Witness LA's Celeste Fremon reminds everyone how we got to this point:

In February of this year, the former sheriff pleaded guilty to one count of lying to federal officials having to do with an FBI investigation into corruption and brutality by deputies inside the sheriff’s department-run LA County jail system—an investigation that, according to the government, Baca, his former undersheriff, Paul Tanaka, and others attempted to thwart.

Specifically, Baca admitted that he lied to the FBI and members of the U.S. Attorney’s Office during a round of questioning on April 12, 2013. At that time, among other denials by Baca, the former sheriff falsely claimed ignorance of the fact that, in 2011, two LASD sergeants were going to approach FBI special agent, Leah Marx, and threaten her with arrest, hoping to get information about the feds’ rapidly expanding investigation.

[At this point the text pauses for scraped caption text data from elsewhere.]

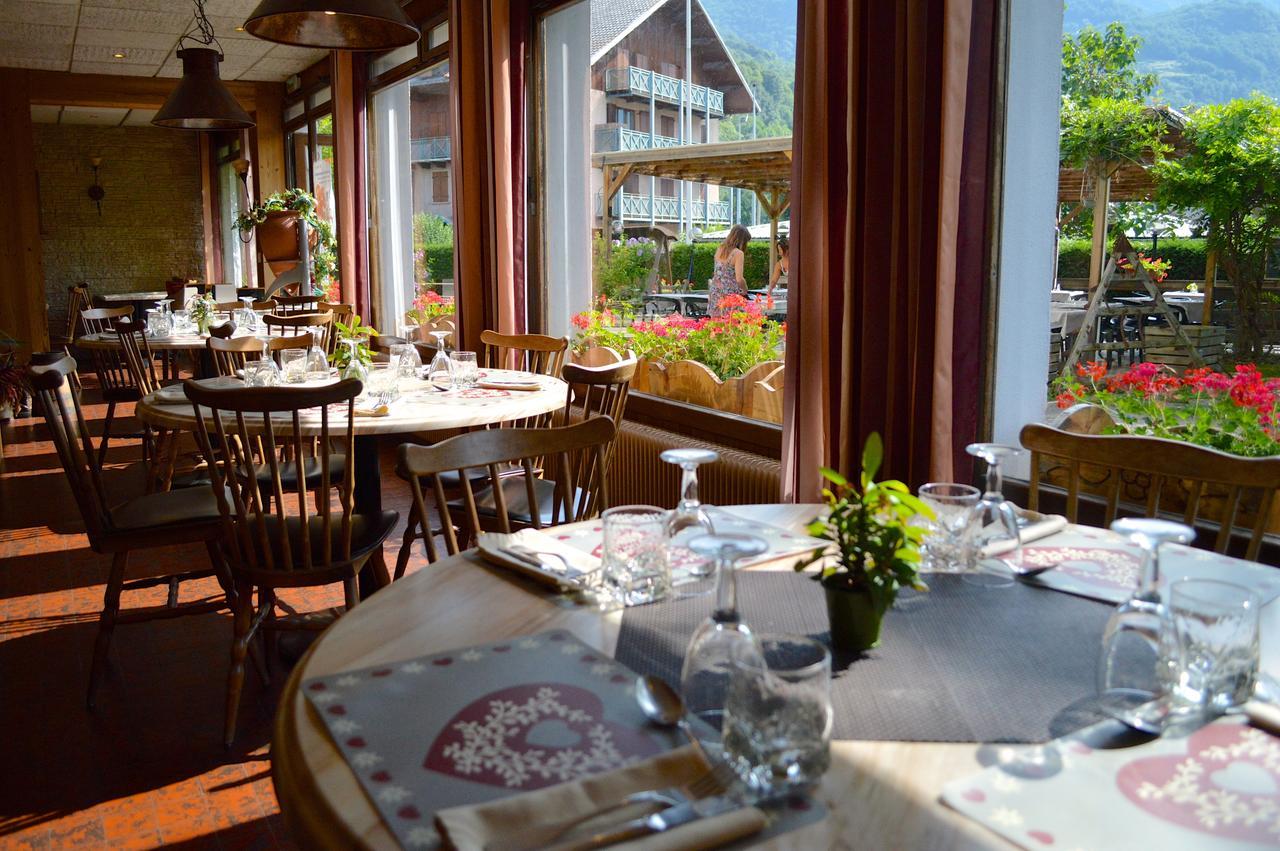 Auberge De Costaroche Albertville Eksteriør bilde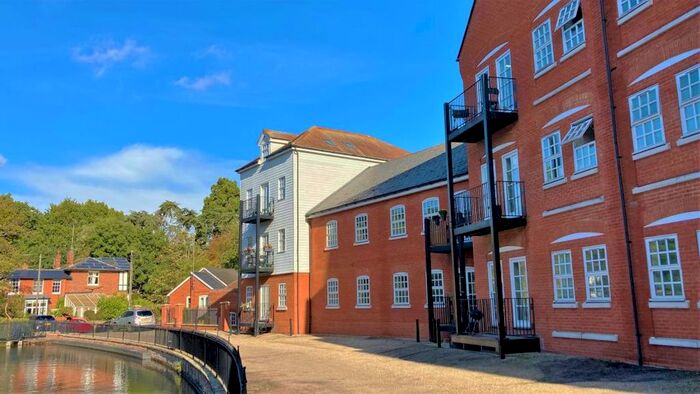 2 Bedroom Flat To Rent In Waterside Lane, Colchester, CO2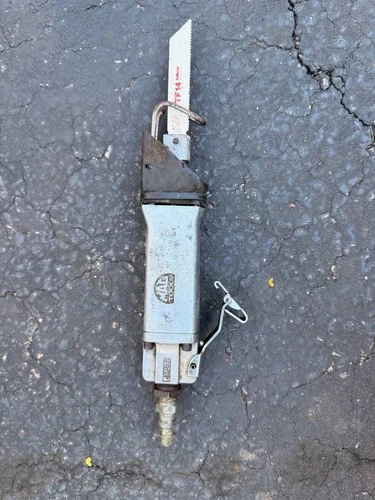 🔧 MAC Tools Pneumatic Air Saw – Made in Japan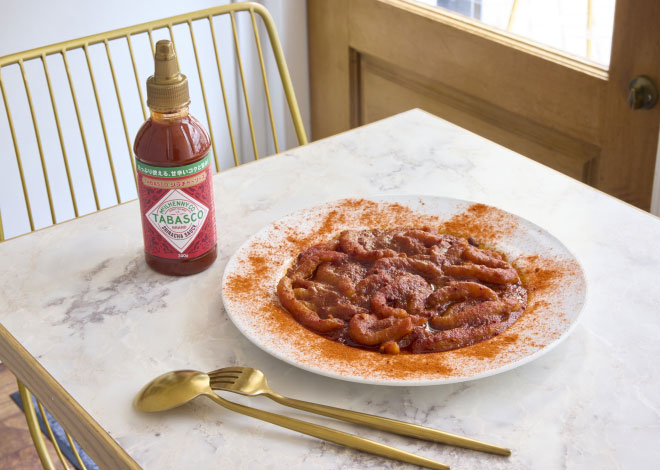 レッドパスタ×TABASCO®シラチャーソース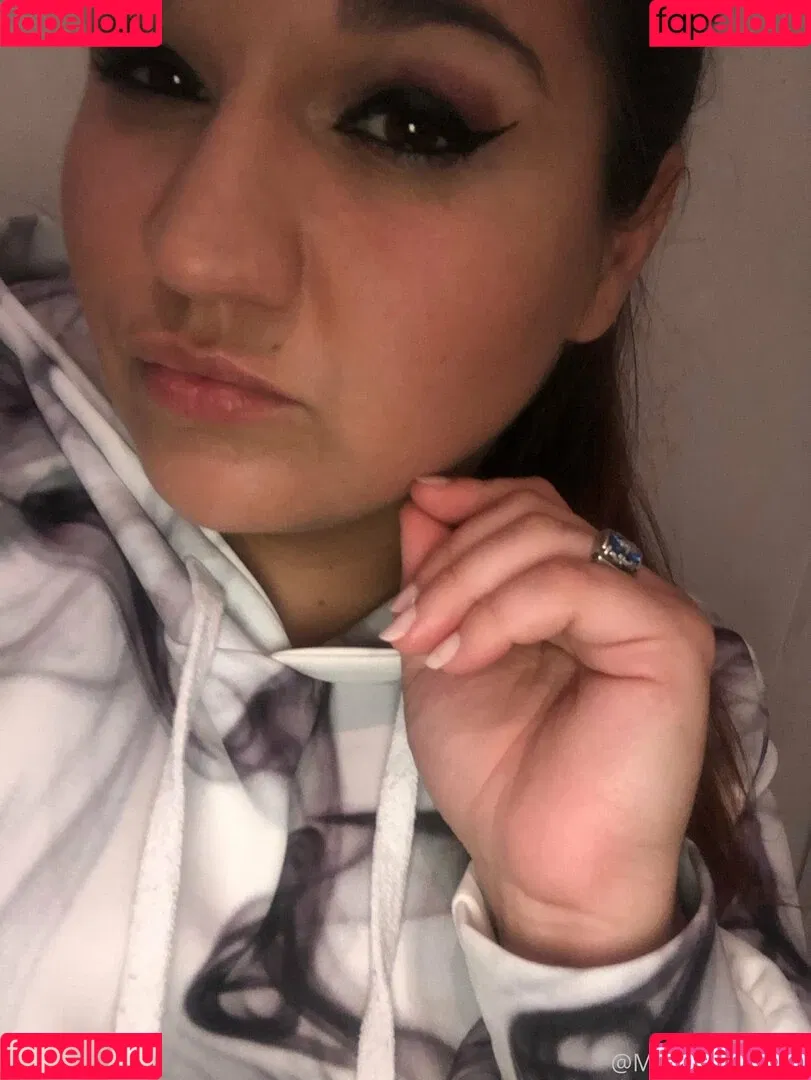 begformolly Onlyfans Photo Gallery 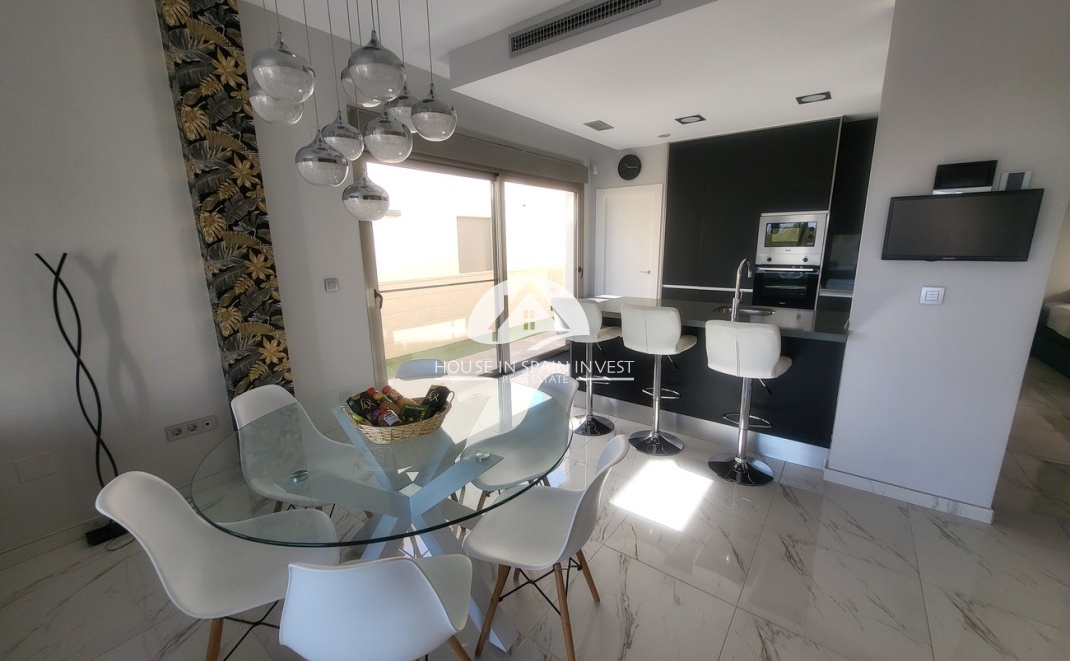 Resale - Villa - Orihuela Costa - Villamartín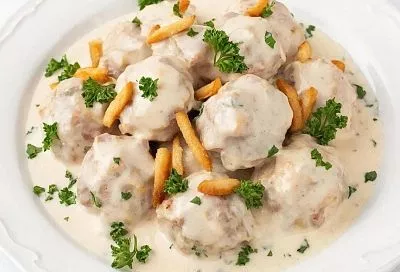 Куриные фрикадельки в сметанном соусе: отбил фарш, и жарятся нежные, сочные, как в детстве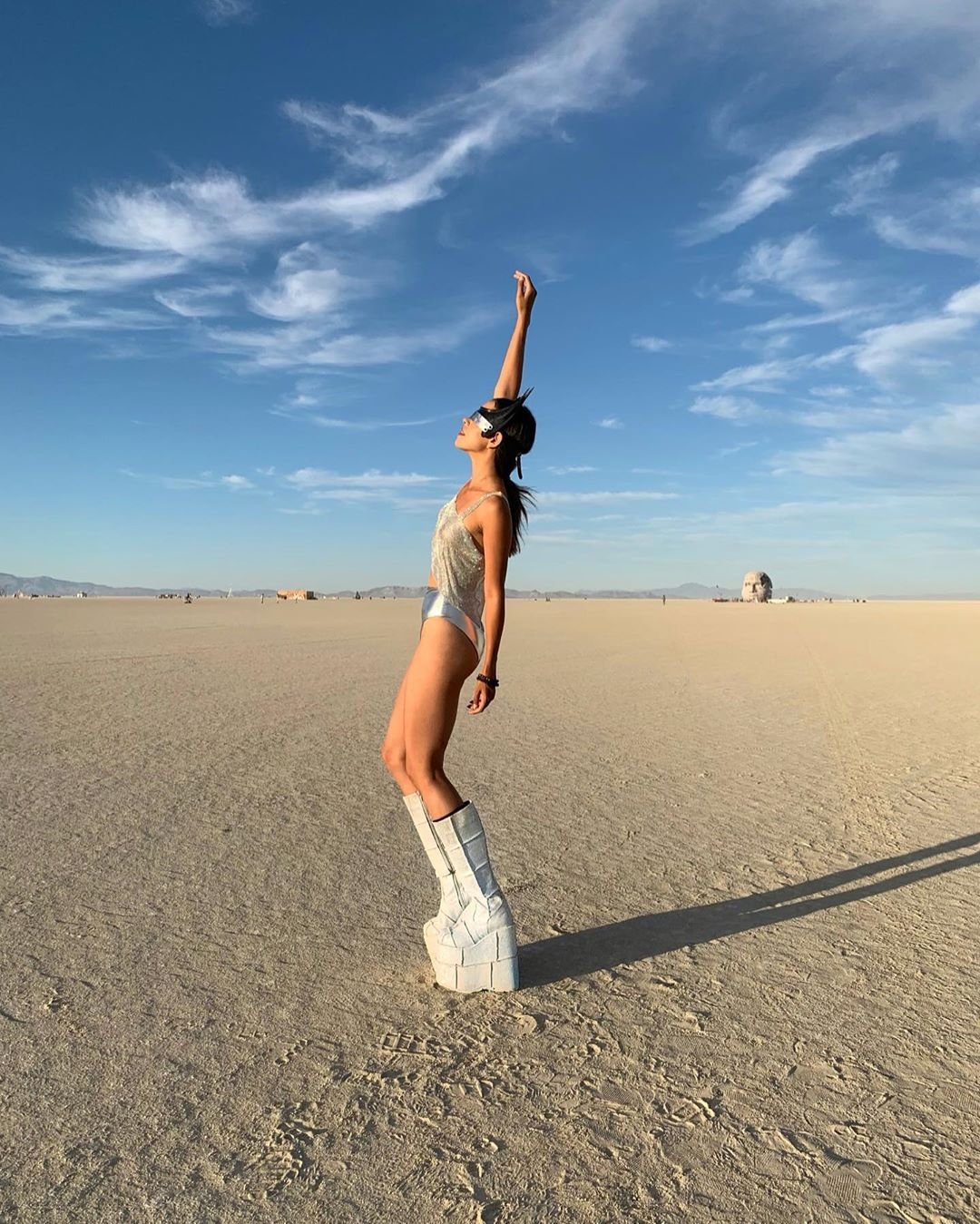 Нереальної краси скульптури та голі тіла на фестивалі Burning Man 2019 - фото 448516
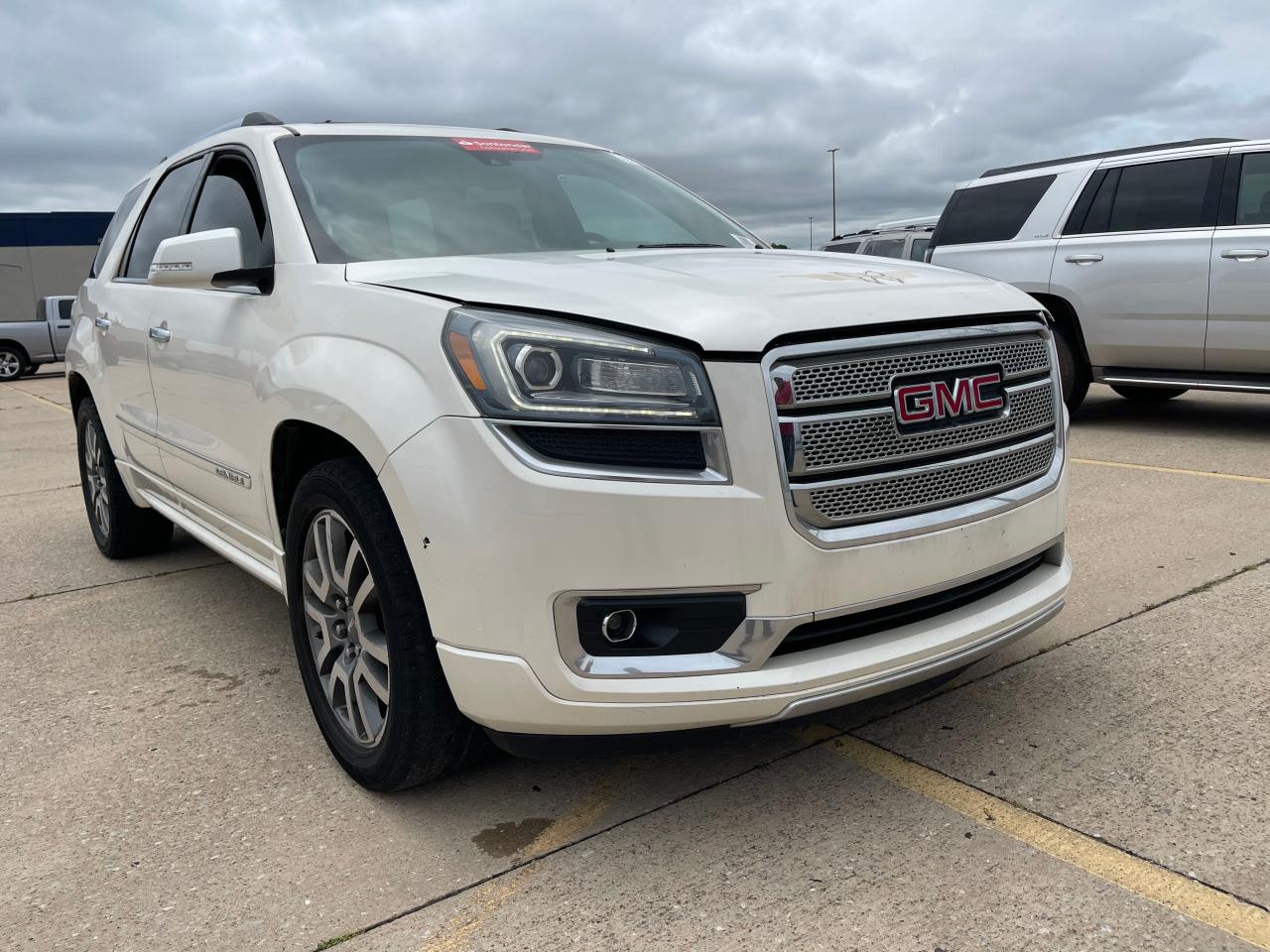 GMC ACADIA DENALI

If all efforts fail to find a resolution to the plea deal standoff, then a trial becomes the only option. And that will mean additional charges, according to [Baca attorney] Zweiback, who said that the prosecutors had indicated that they would definitely add a charge of obstruction of justice and likely conspiracy to obstruct justice, the same two charges of which former LA County undersheriff Paul Tanaka was convicted. Anderson also presided over that trial, and sentenced Tanaka to five years in a federal prison. (Tanaka’s conviction has been appealed to the Ninth Circuit, thus he remains out of prison at this time)

Zweiback, a former assistant U.S. attorney has been with his client through the lengthy plea process.

On Monday, however, in advance of a possible trial, he was joined by a new team member, attorney Nathan Hochman, who was the Assistant Attorney General for the US Department of Justice’s Tax Division, and also served as an Assistant U.S. Attorney for the Criminal Division of the Central District of California.